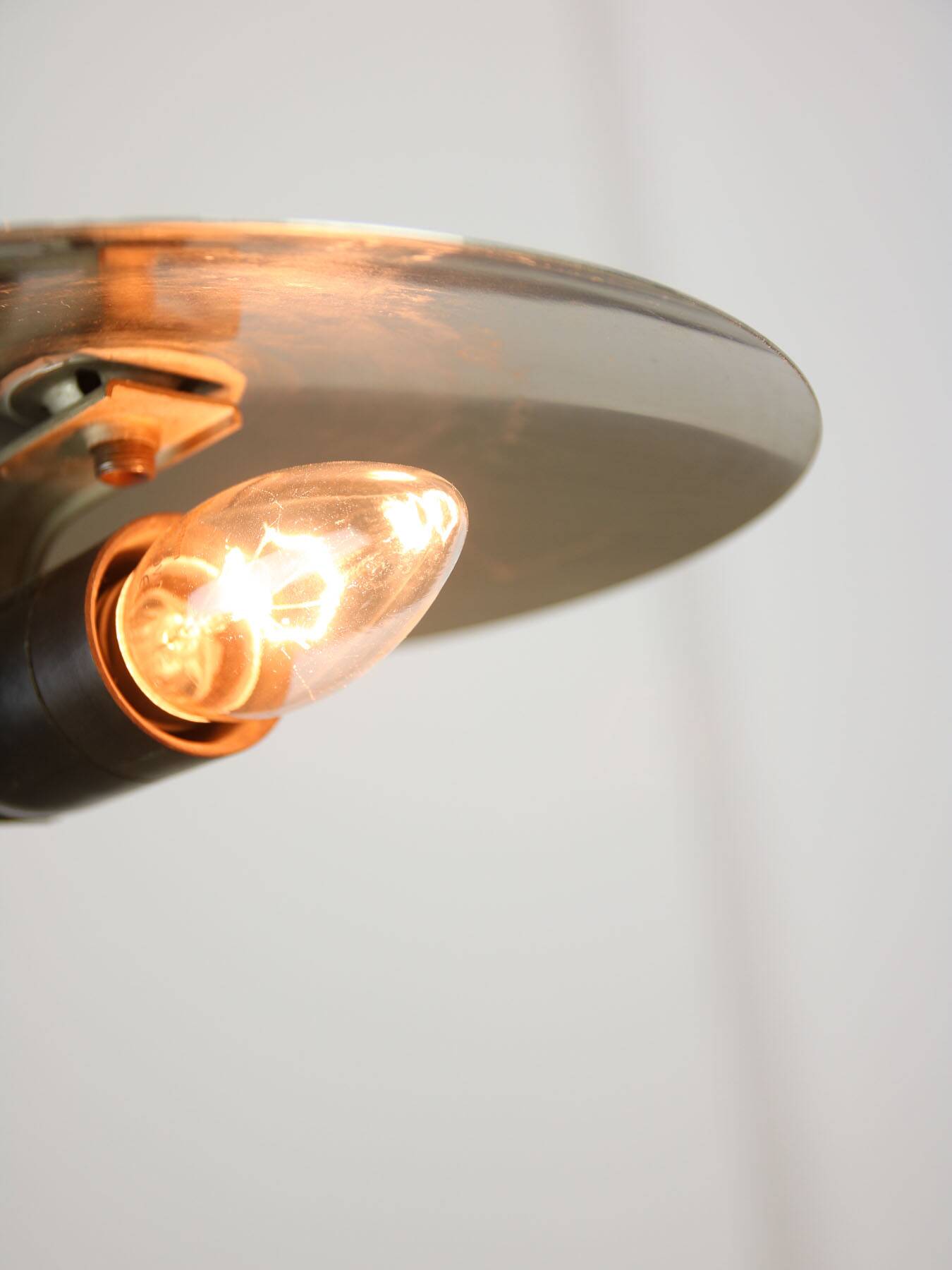 Mid-Century Italian Big Button Table Lamp in Chrome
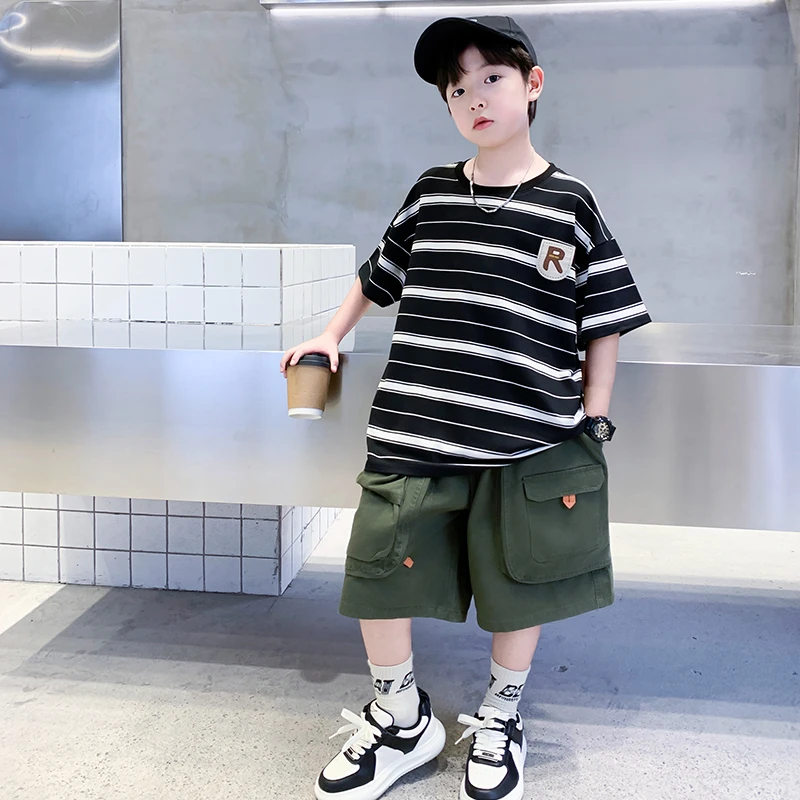 儿童装男童夏装套装2025新款夏季薄款中大童夏款男孩运动酷帅气潮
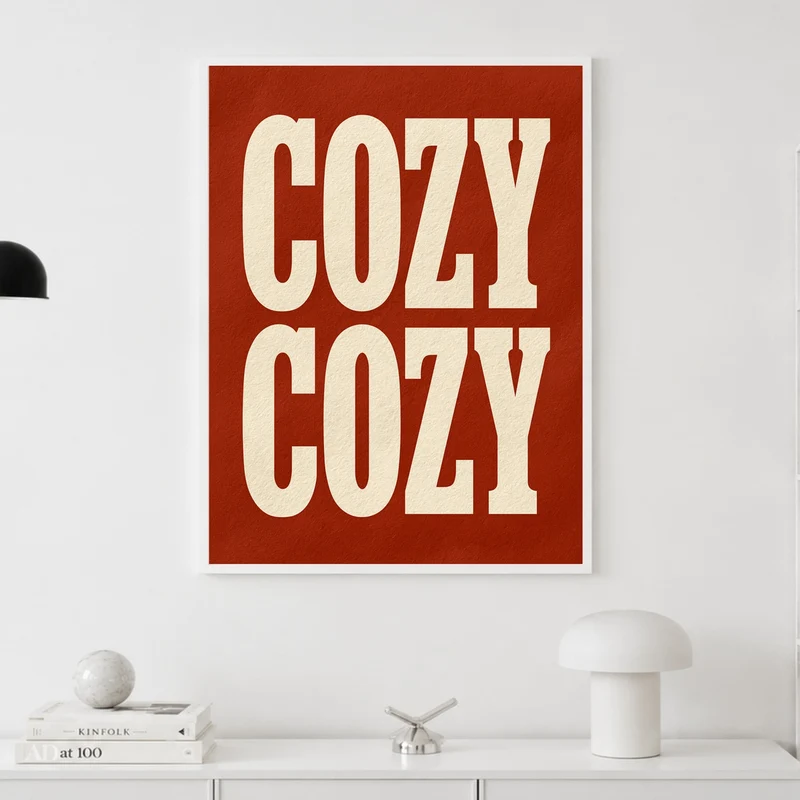 Cozy Schriftzug rot Poster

◆ WHAT IS NEEDED:
Write out the material above precisely, leaving each picture behind.

◆ EXERCISE OUTPUT:
 Mid-Century Italian Big Button Table Lamp in Chrome
 儿童装男童夏装套装2025新款夏季薄款中大童夏款男孩运动酷帅气潮
 Cozy Schriftzug rot Poster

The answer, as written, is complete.